Yodel It! – Ilinca ft. Alex Florea, Romania
May we present you with the yodel-rap mash-up you never knew you needed? You’re welcome.
Wild Dances – Ruslana, Ukraine
If in doubt, stick a horn on it. That’s the philosophy of Ruslana’s winning entry from 2004, which features an unforgettable horn intro that leads into pounding tribal beats, primal calls to the wild, skimpy leather costumes and a performance that’s at least 80 percent equal-opportunities hairography. Dothraki never sounded so good.
Sound Of Silence – Dami Im, Australia
Yes, definitely-not-part-of-Europe Australia has somehow become part of Eurovision, *shrug emoji*. We’re not entirely sure how that happened, but frankly, we’re not complaining if they keep sending songs this good. 2016’s runner-up Dami Im wisely side-steps wacky dance routines by simply having a nice sit-down on a sparkly box, and hits all her high notes in this soaring power ballad with consummate ease.

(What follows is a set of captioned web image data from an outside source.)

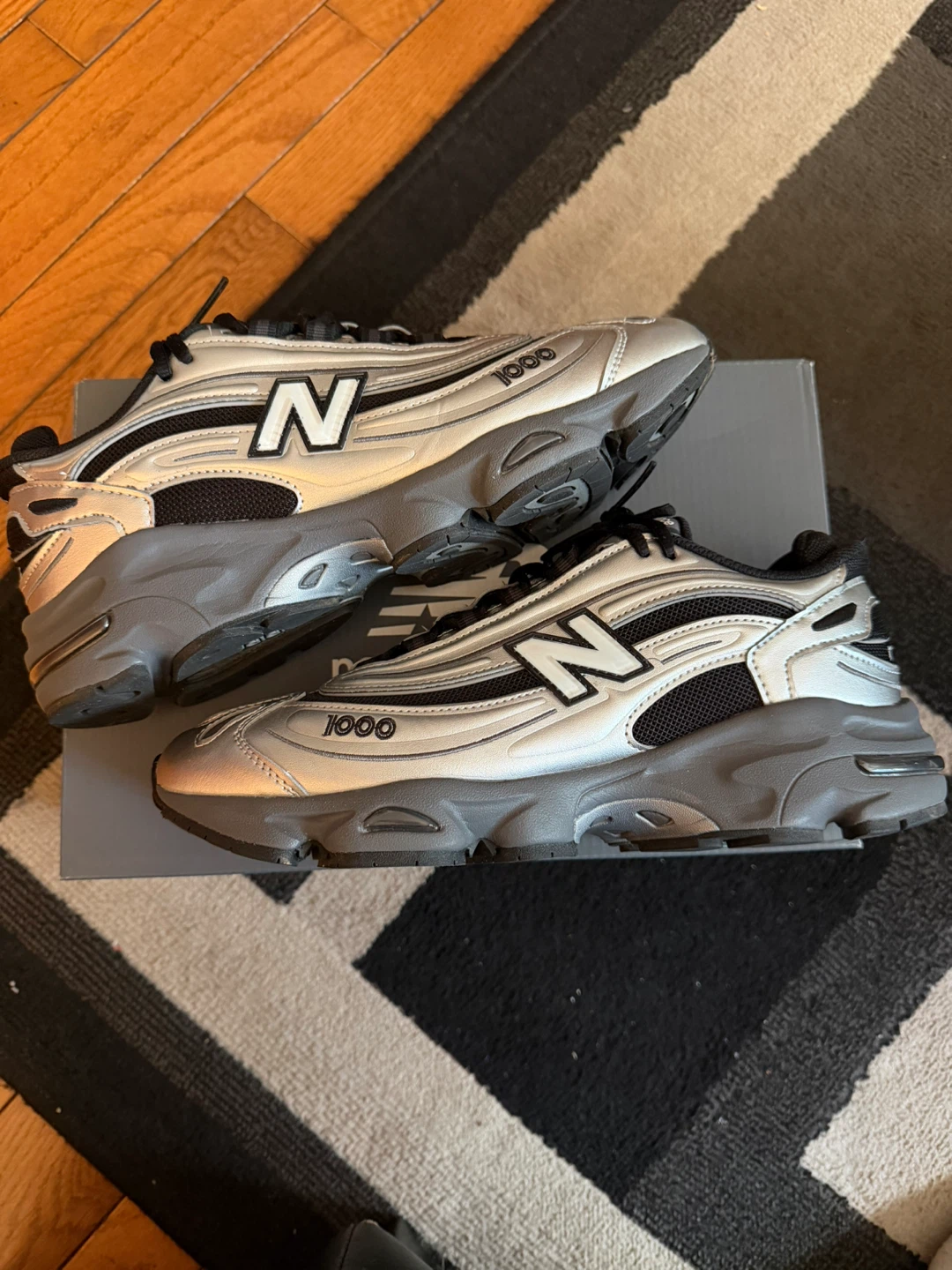 New Balance 1000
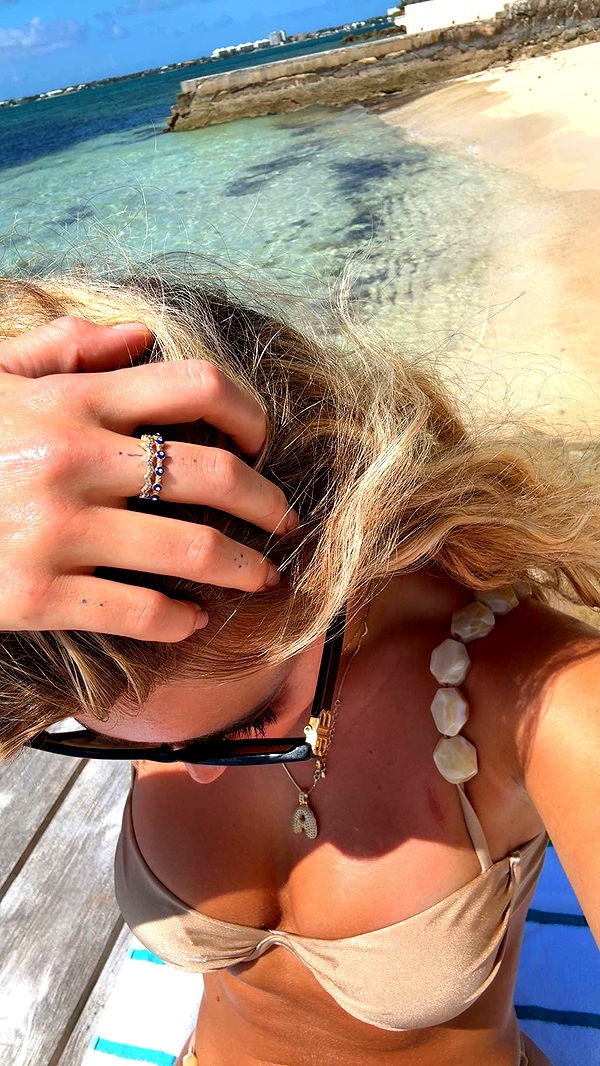 abbyy.irl image ~ Altpins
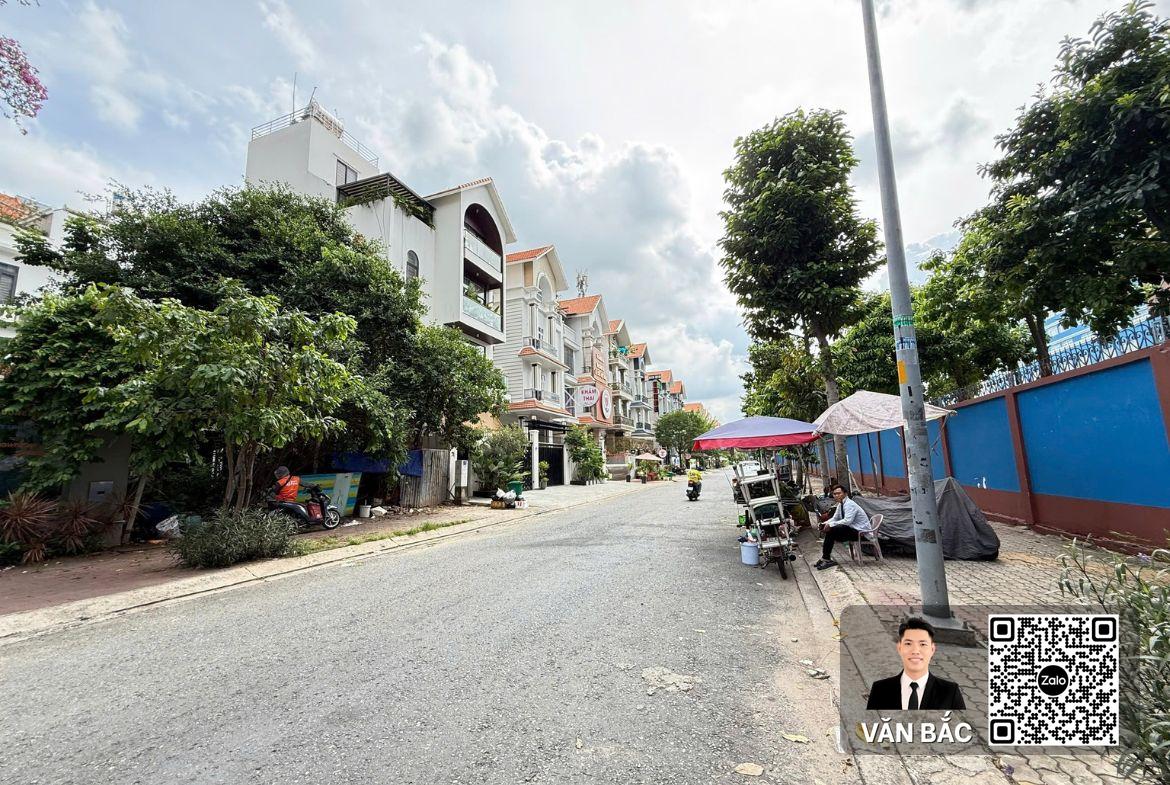 ban-biet-thu-cao-cap-3-duong-so-6-kdc-him-lam-dien-tich-10x20m-ham-3-lau-co-thang-may-gia-60-ty (1)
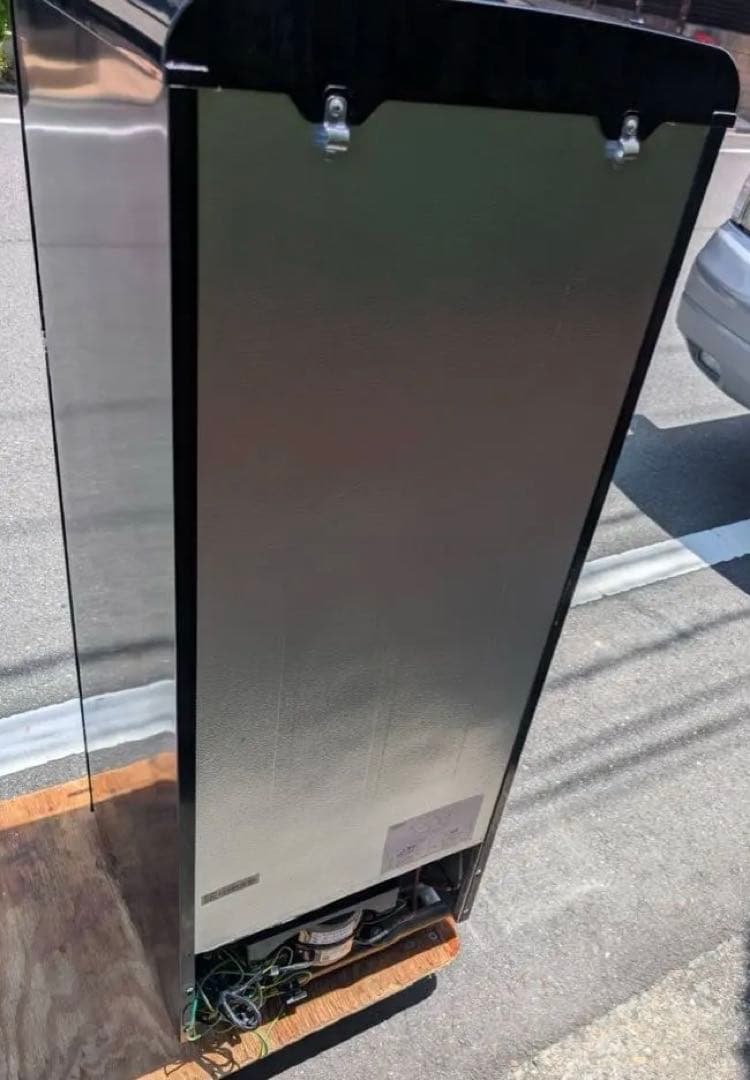 ＊東京都付近取引限定＊アイリスオーヤマ　ノンフロン冷凍冷蔵庫114L 黒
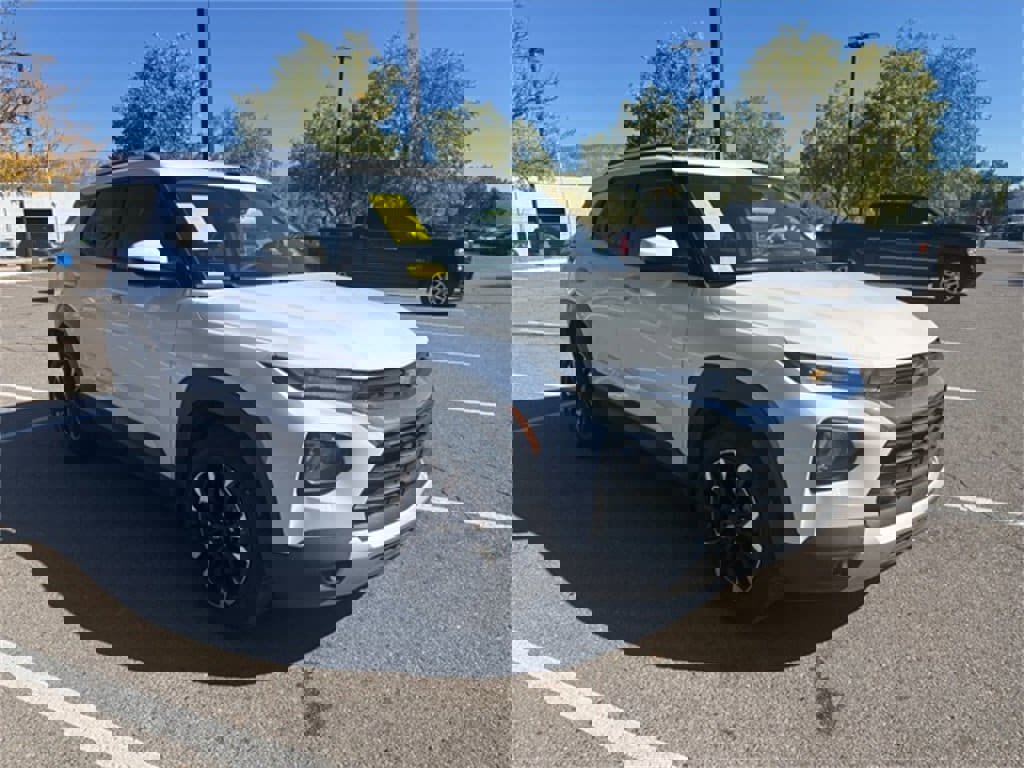 Used 2021 Chevrolet TrailBlazer LT w/ Convenience Package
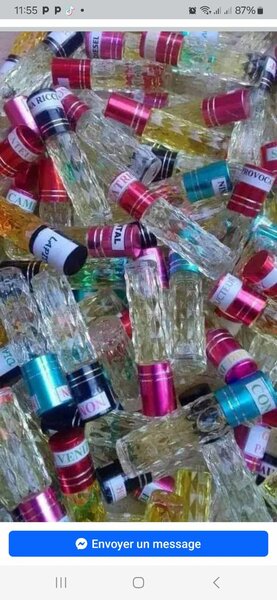 Essences pur de parfum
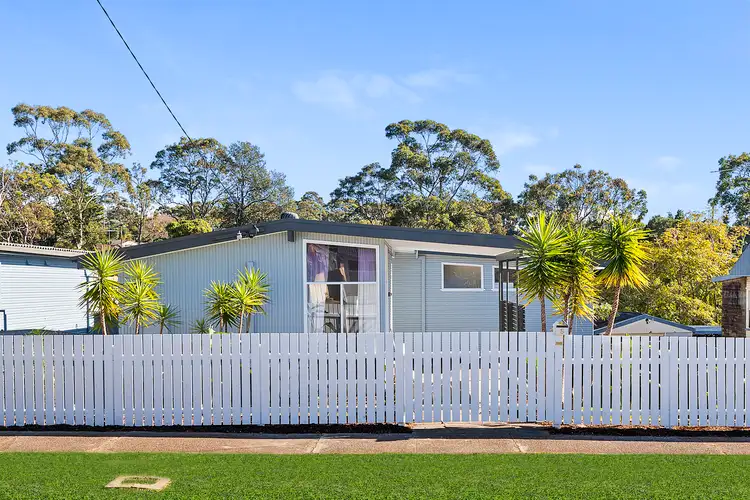 8 Acacia Avenue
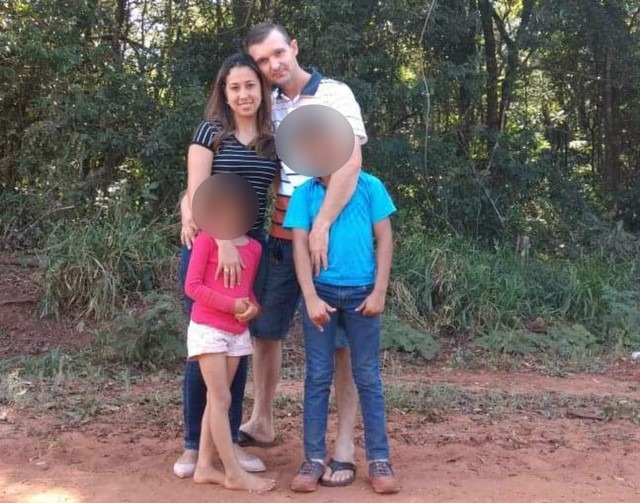 Dono de pizzaria que matou esposa em MS diz que tomou jurubeba e comprou arma para se vingar de xingamentos Vítima de feminicídio deixa filhos pequenos em MS — Foto: Polícia Civil/Divulgação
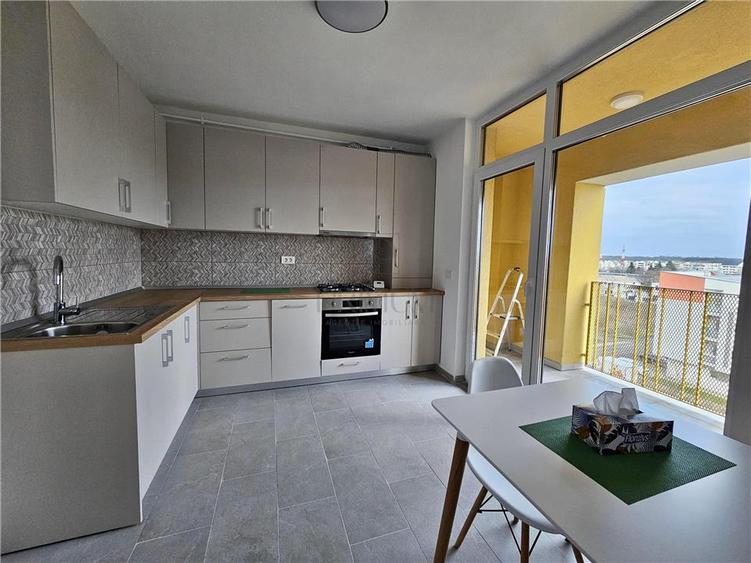 Apartament cu 2 camere decomandat, mobilat în Aradului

Bonus: Think About Things – Daði og Gagnamagnið, Iceland
Whilst Eurovision 2020 ended up being cancelled, we can all agree that Iceland’s Daði Freyr and his band Gagnamagnið were the real winners. Led by a long-haired, long-limbed electropop genius, dressed in matching green jumpers adorned with cartoon versions of themselves, perfectly executing a TikTok-bait dance routine and wielding keytars that they then pretended to play like saxophones, Daði and friends were so defiantly uncool, they somehow became the absolute epitome of cool.
All performed with tongue very much in cheek, Think About Things is a total synth-packed stomper, has won high-profile fans in the shape of Russell Crowe and Jennifer Garner, and will hip-thrust its way into your brain within seconds. And yes, you can now buy your very own version of the jumper on Daði’s website.